I am certainly for academic freedom, but we cannot freely support those who spew from a platform.  We must rather be committed to those who contribute in conversation with our academic community; those who welcome challenges and see exchange as an essential foundation of healthy debate.  The unwavering defense of Levine by our administration could not be more problematic because of the ways in which he reduced dialogue simply to monologue by not opening himself up to critique.  We have learned an incredible amount from the Levine event about our school’s immensely absurd structural privileging of dominant white masculinity and failure to challenge it.

Dean Collado suggested to me that I should not neglect to acknowledge that there very well may have been faculty in the economics department who objected to Levine and the premise of his talk.  I did not deny this could have been the case; however, what I did do is point out that it does not matter if a fellow faculty member questions the endorsement of a departmental sponsored event because ultimately the only people who will actually be listened to are the tenured professors who are disproportionately white men.  Our junior faculty members are trampled on and this is just a further layer of the multidimensional oppression our institution is invested in.

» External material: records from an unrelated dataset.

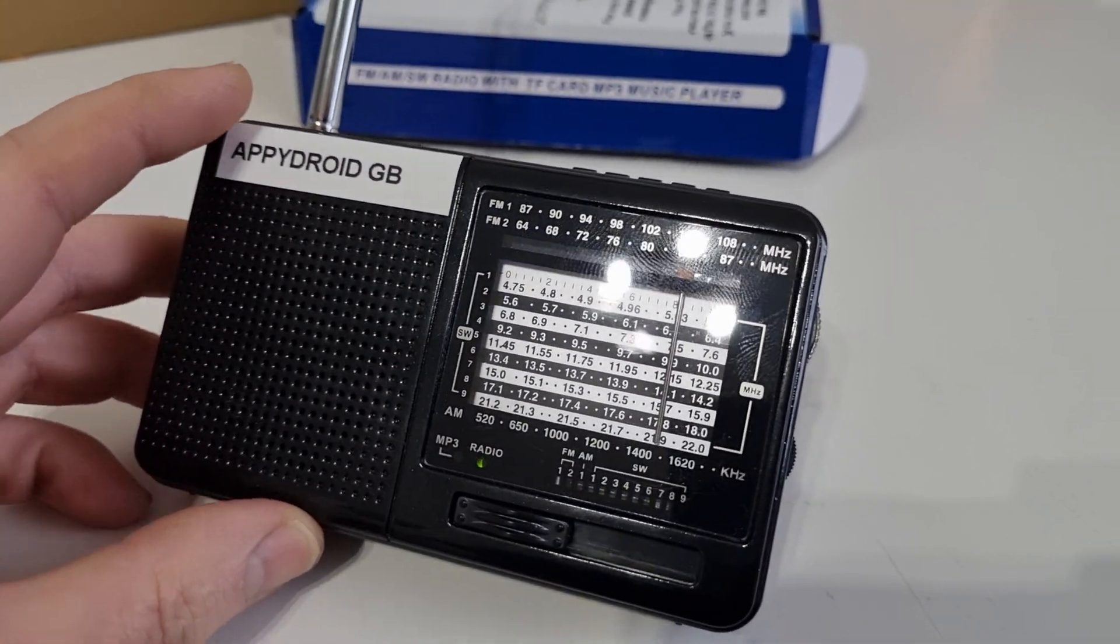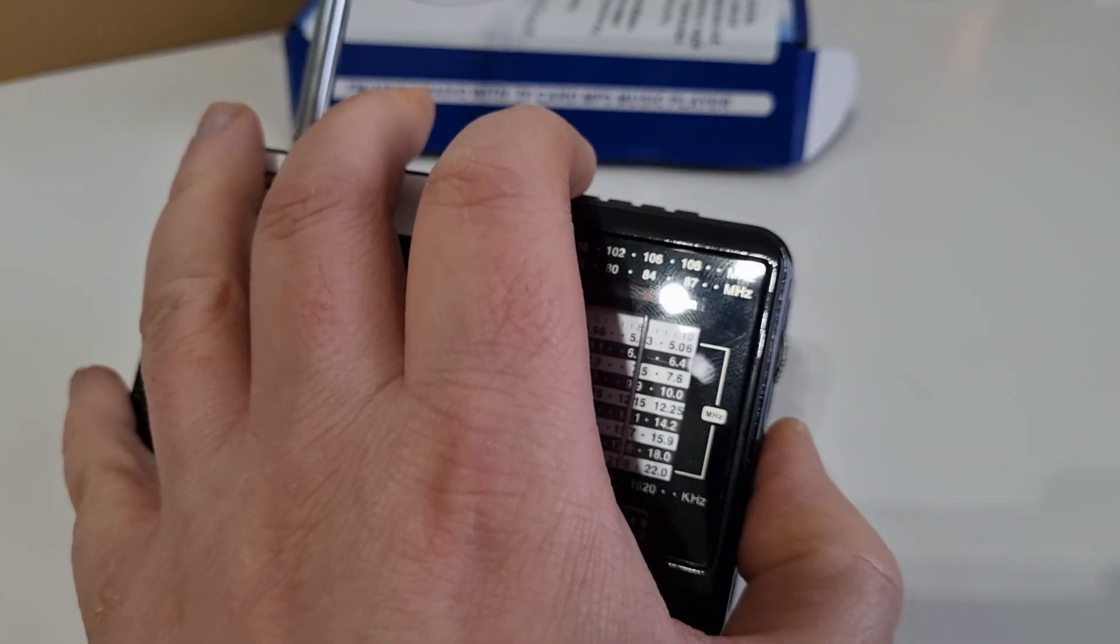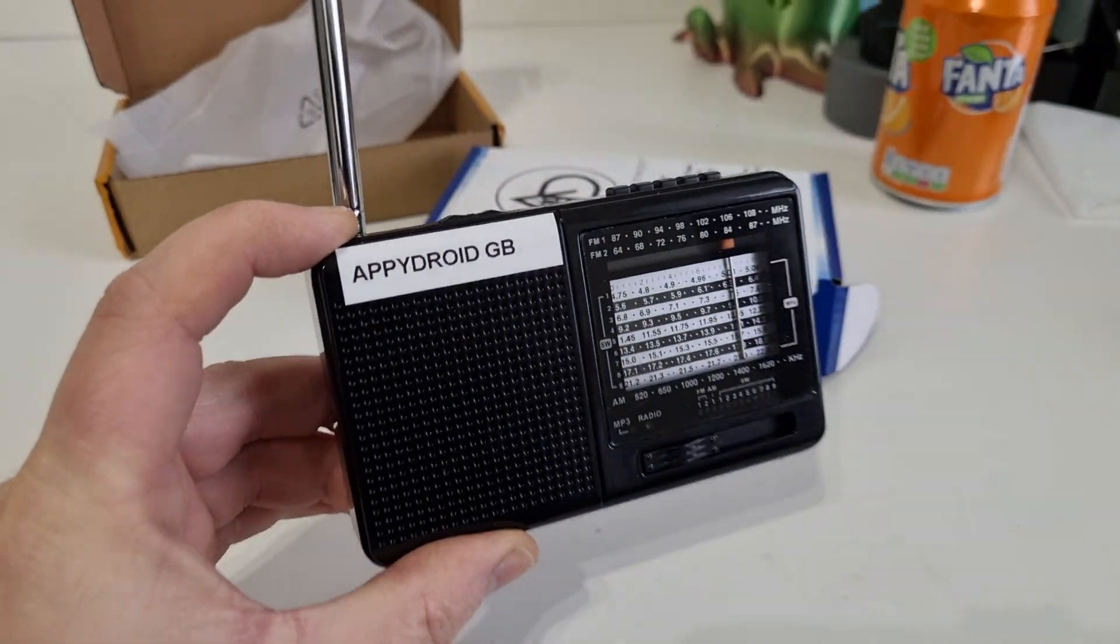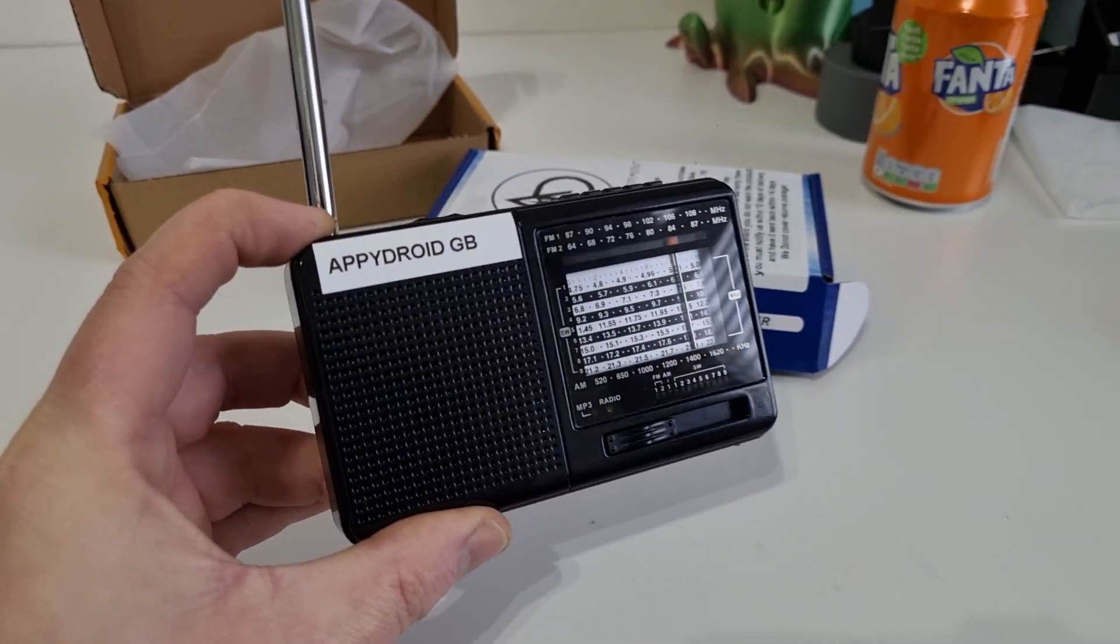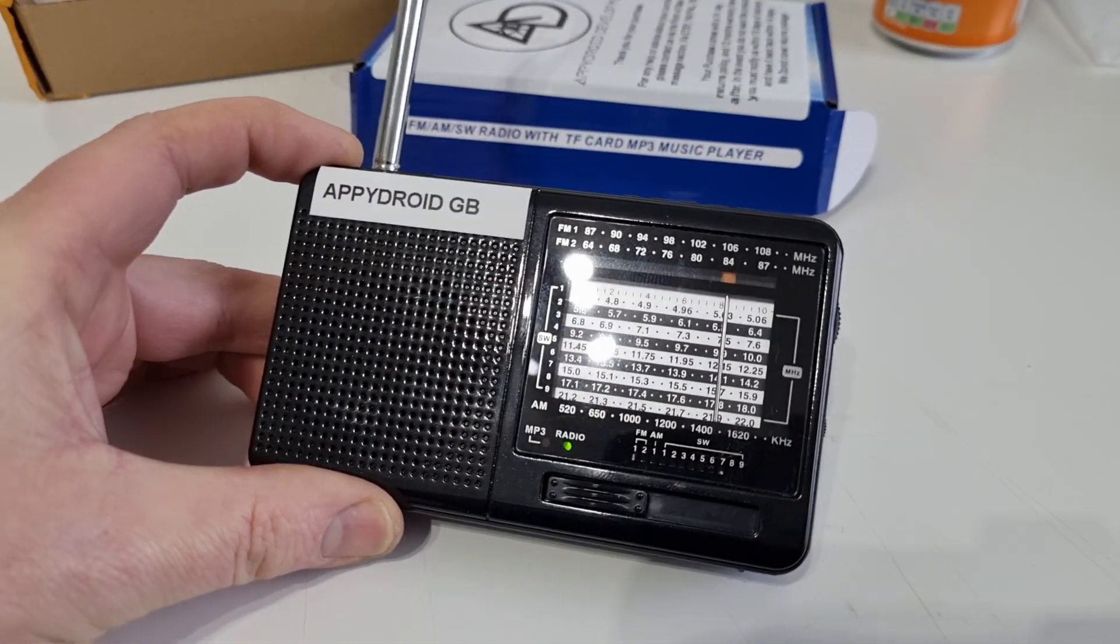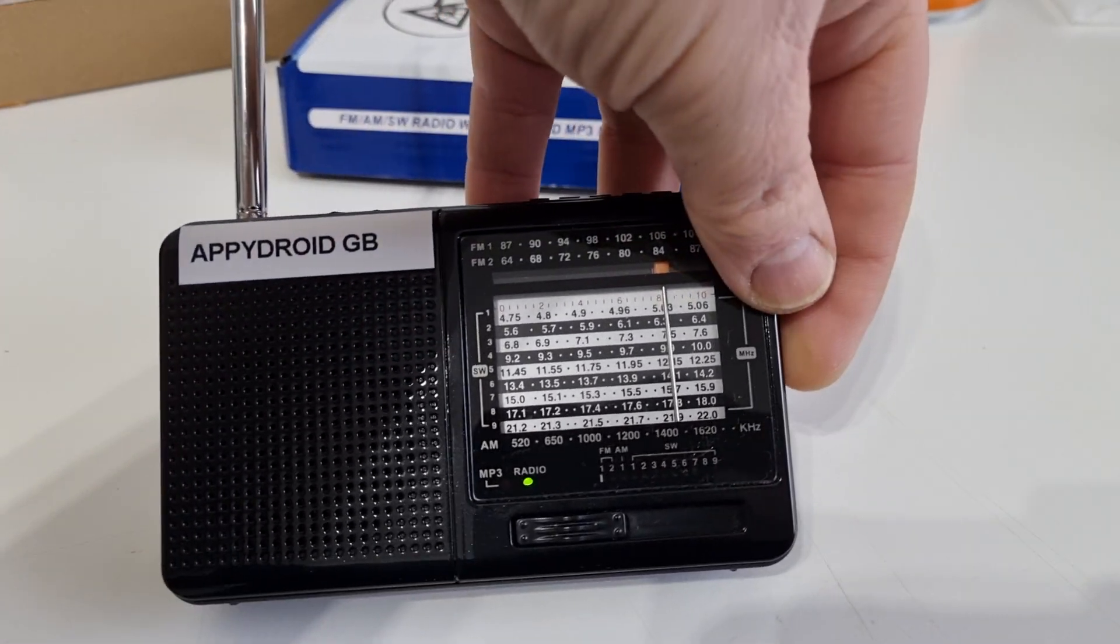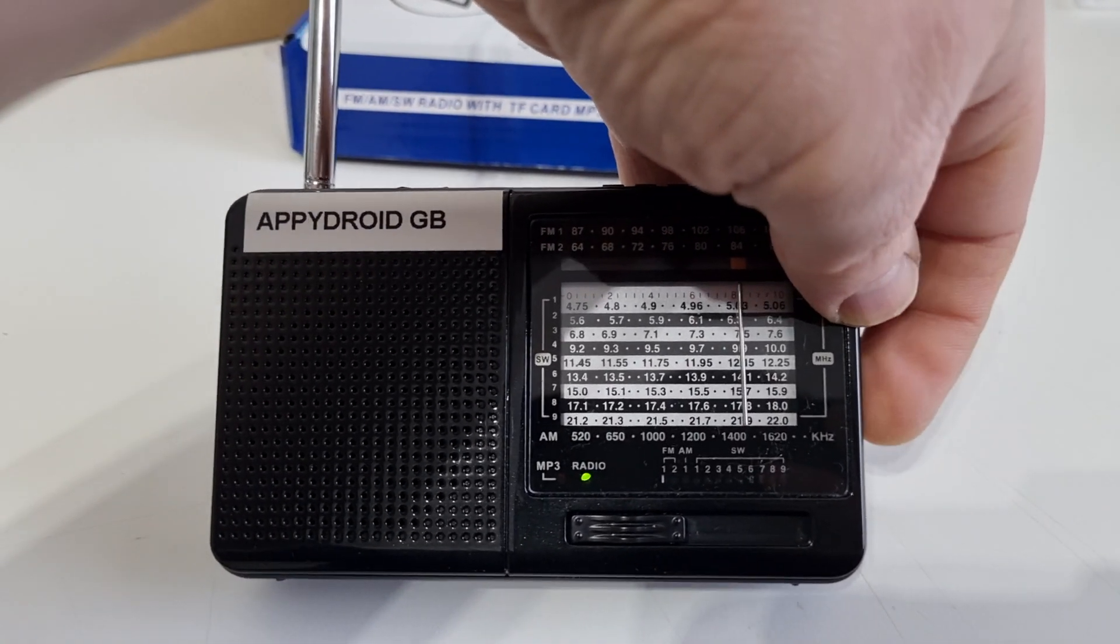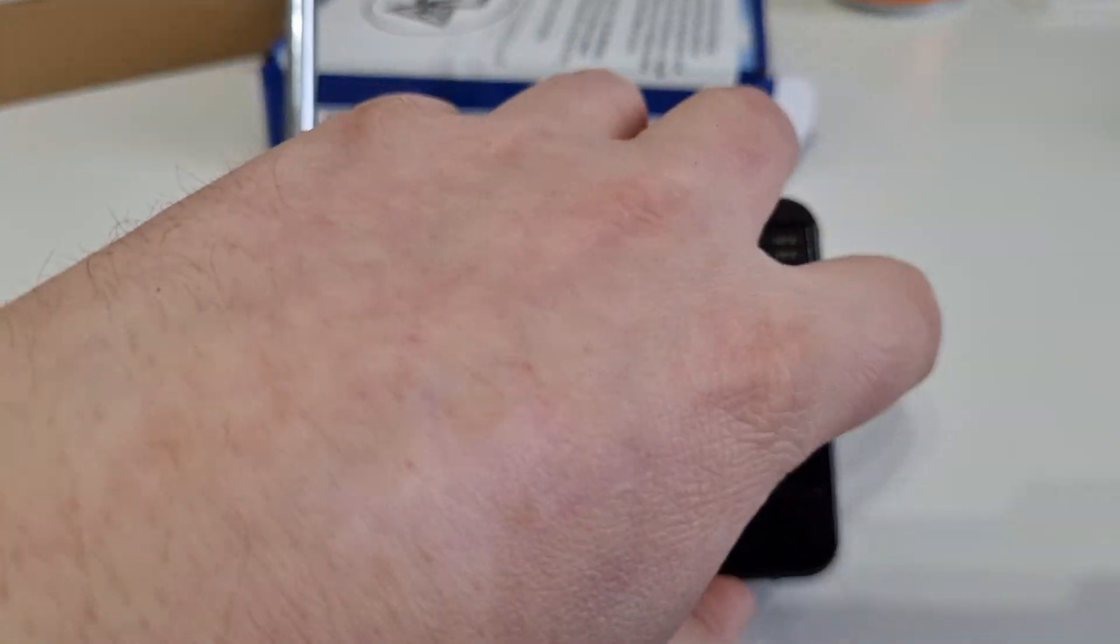Now this does get very loud. It's a very loud radio. As you see it does get very loud. There's no problem. You won't need an external speaker for this model.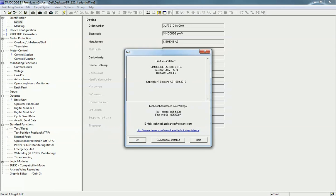Hello friends, welcome back to the Automation Revolution. In this video we are going to learn about Siemens Motor Management and Control Device software. In our previous video for the SIMOCODE kit we saw the basic architecture and different components. In this video we will configure the SIMOCODE kit from SIMOCODE ES Premium software. This software is a licensed version — you must purchase a license for the configuration.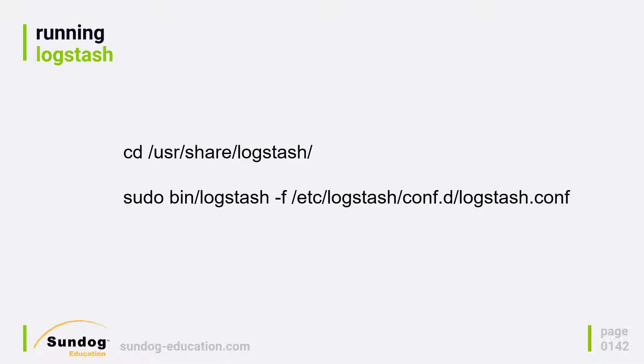So now that we have Logstash installed and configured, all we have to do is run it, and that's pretty easy to do. All we need to do is cd into the directory where Logstash is installed, and on Ubuntu that's under UserShare Logstash.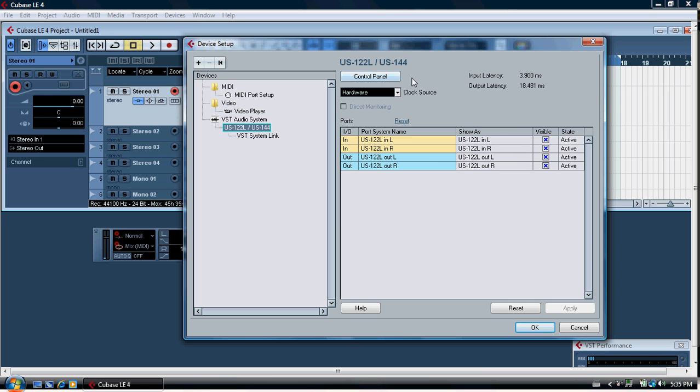It gives you a bit of information here. The input is US 122L left and right, and the output is US 122L left and right, which is good. That's what you want.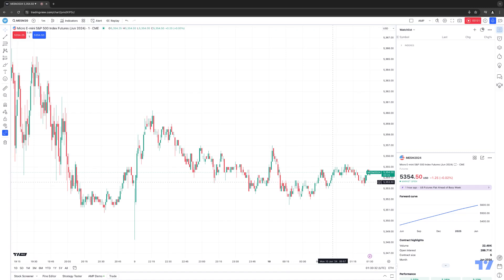Hello, welcome fellow traders. A&P Futures here, presenting another how-to video. In today's video, we're going to demonstrate how to create sections within your watch list using the TradingView platform.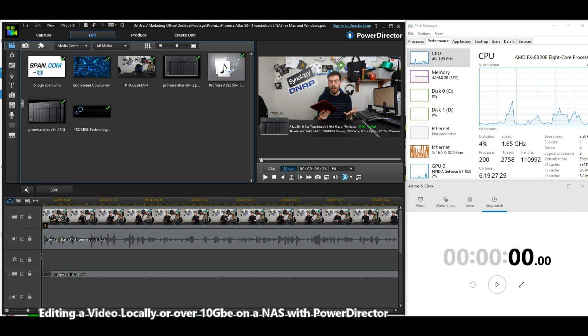Most NASes that have 10 GBE also have 1 GBE port to connect to your network and the internet. The result is that not only can you edit files directly on the NAS, but the files can then be distributed from the NAS, removing layers from your workflow and making things a great deal easier.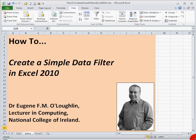Hi everybody, this is Eugene O'Loughlin, Lecturer on Computing at the National College of Ireland, and welcome to my series of short how-to videos. In this video, we're going to learn how to create a simple data filter using Excel 2010.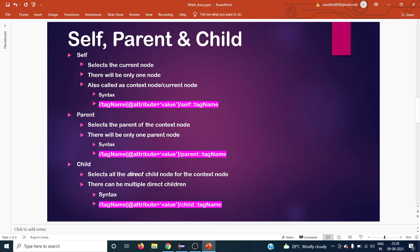Child refers to whatever elements come directly under a particular element. This will not include grandchildren — only the direct children. There can be multiple direct children for any particular web element. The syntax is again similar to self or parent; we just replace the axis name with 'child'.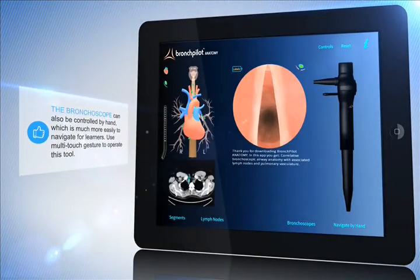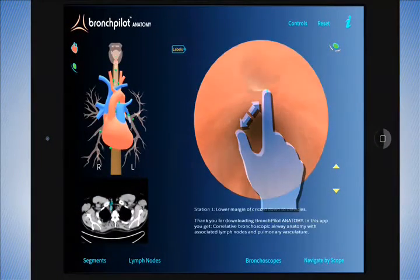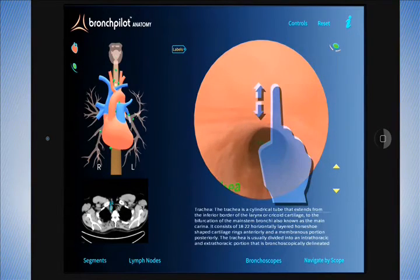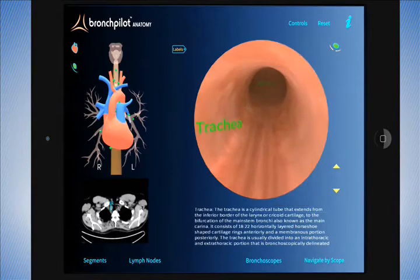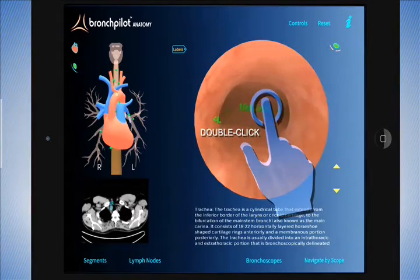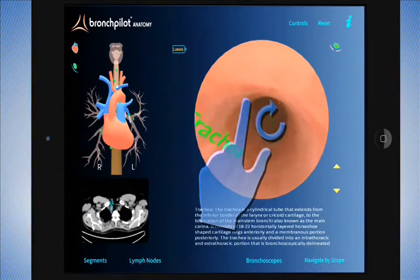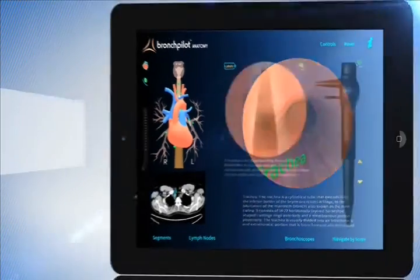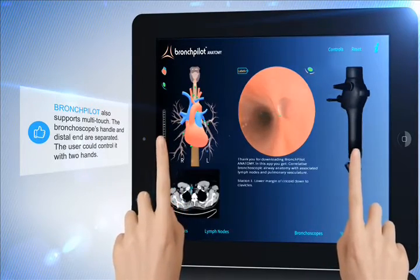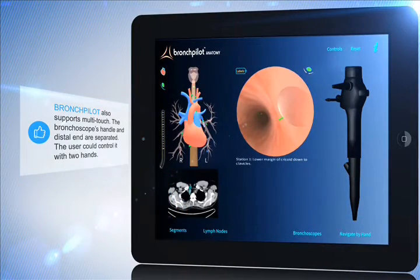The bronchoscope can be controlled by hand, which is much easier to navigate for learners. Use multi-touch gesture to operate this tool. Bronchpilot also supports multi-touch — the bronchoscope's handle and distal end are separated, so the user can control it with two hands.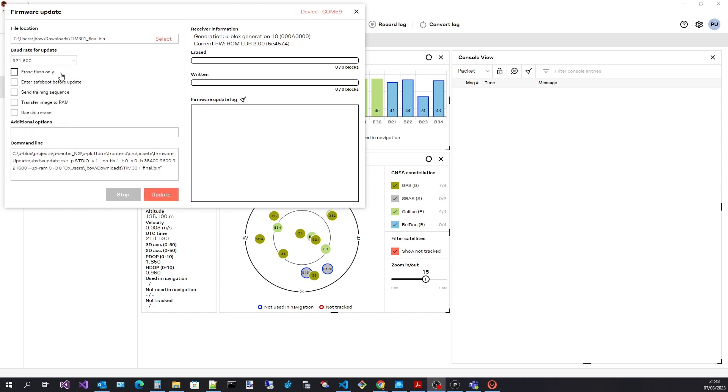I will leave erase flash unchecked as we are flashing the image. The safe boot and training sequence can remain unchecked as we do not need to tell the firmware update process to do anything special. Transfer image to RAM and use chip arrays are again not needed for this demonstration.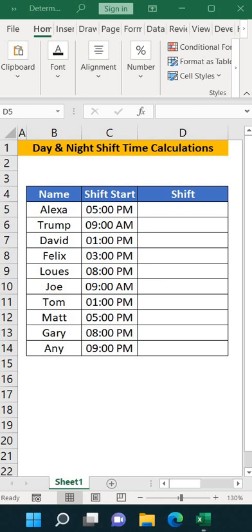Hi everyone, welcome to Excel Trick. Today we are doing the Excel trick on how to determine the shift according to the time.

To change the patriarchy and white supremacy to which Middlebury College is committed, we must all acknowledge its presence.  We must come to recognize our situational position within power structures to be able to challenge it and shape it more justly.  None of our departments are objective and our administration must let go of similar assumptions regarding its policy.  Levine’s lecture picked a nasty scab, opening a wound that will never heal until we establish structural change in the oppressive institution of Middlebury College that challenges the privileges it maintains so that it truly supports the elements necessary for lively discourse in the academic community we must strive to be.